In July, the UK’s Payment Systems Regulator (PSR) issued its annual report outlining figures on scams and reimbursement in the UK, which we analysed in the first part of this latest blog series.
With just weeks to go until the new rules take effect, we now take another look at the parameters of the mandatory reimbursement and the immediate impact banks, consumers, and even fraudsters may face.
Mandatory reimbursement: The facts
As a reminder, here is a summary of the new rules (taken from our White Paper Countdown to APP Reimbursement.
Despite the rapidly incoming enforcement of these parameters, there are still outstanding questions. Let’s explore some of these unknowns, and the impact they may have on financial institutions and consumers.
Reimbursement limit: PSR issued new consultation earlier this month to reduce the limit from £415k to £85k, which we covered in a another blog post on our site. At such a late stage, this increases uncertainty for all involved.

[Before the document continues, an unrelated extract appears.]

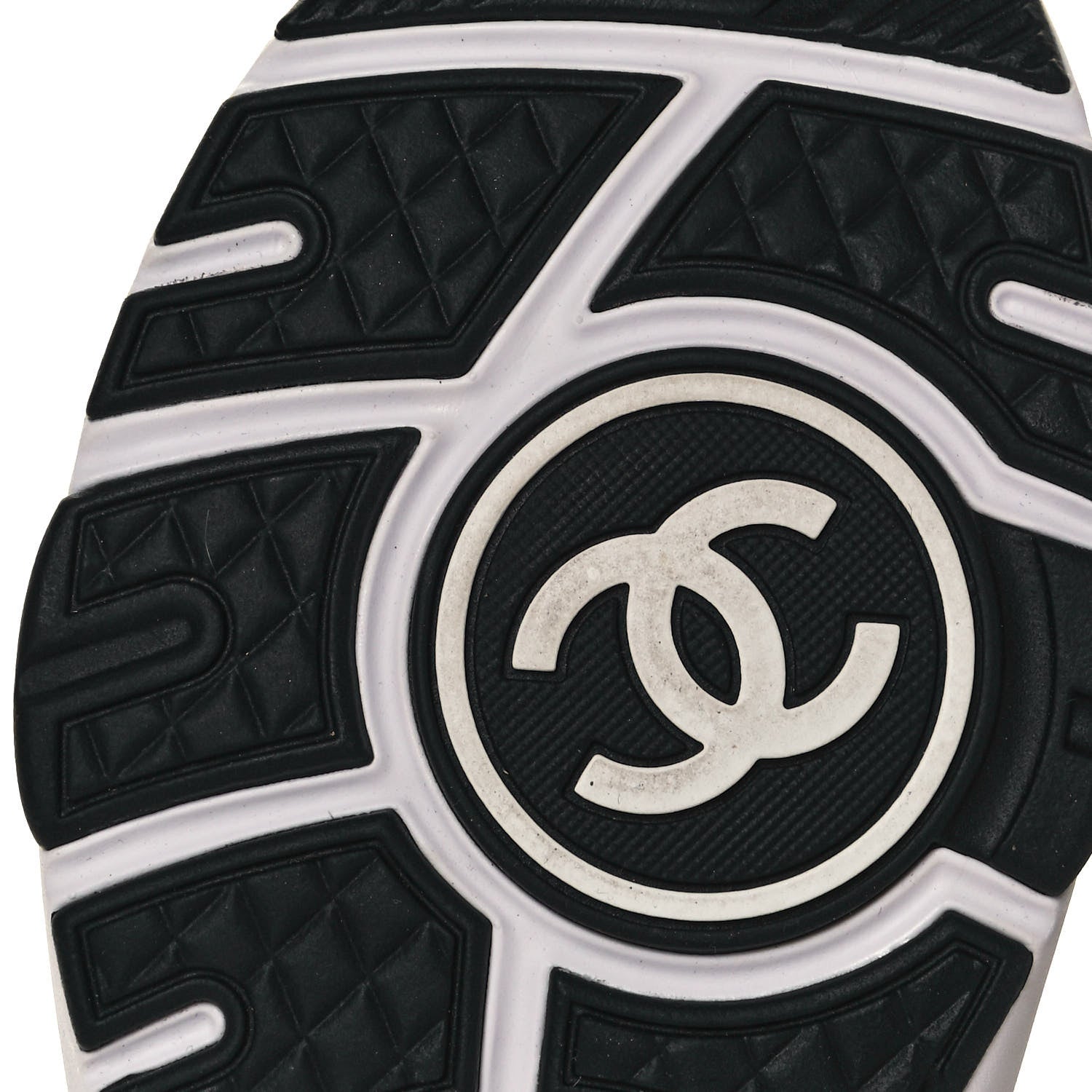 Chanel Mesh Suede Fabric Womens CC Sneakers 39.5 White Ivory Light Beige 7 of 9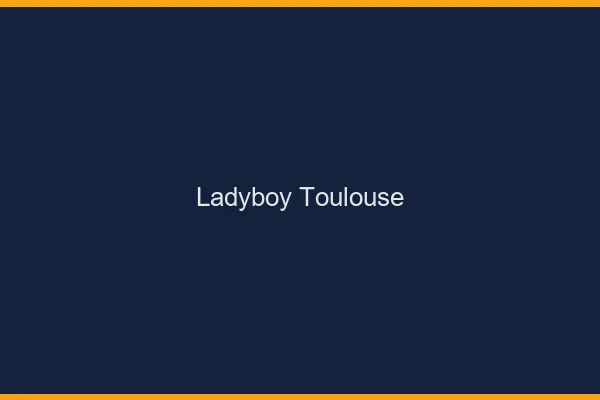 Ladyboy Toulouse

• Bank/financial institution (FI) impact: Possible reduction in liability if they have not been able to detect and prevent their customers from falling victim to APP
• Customer impact: For victims who lose more than £85k to APP scams, they could find themselves worse off than they are under current protections offered by the existing Contingent Reimbursement Model (CRM) Code methodology. For losses greater than £85k, there are still unknowns as to what methodology will be used.
Gross negligence: Banks/FIs must be specific, timely, and clear about risk with their customers. They must prove their customer failed to heed warnings and, therefore, acted in a grossly negligent manner. It’s unclear what behaviour or actions would satisfy this requirement under the Mandatory Reimbursement rules.
• Bank/FI impact: The obligation for banks/FIs in terms of actions they must take is unclear and open for interpretation. What we do know from previous rulings is that displaying warning messages is not enough.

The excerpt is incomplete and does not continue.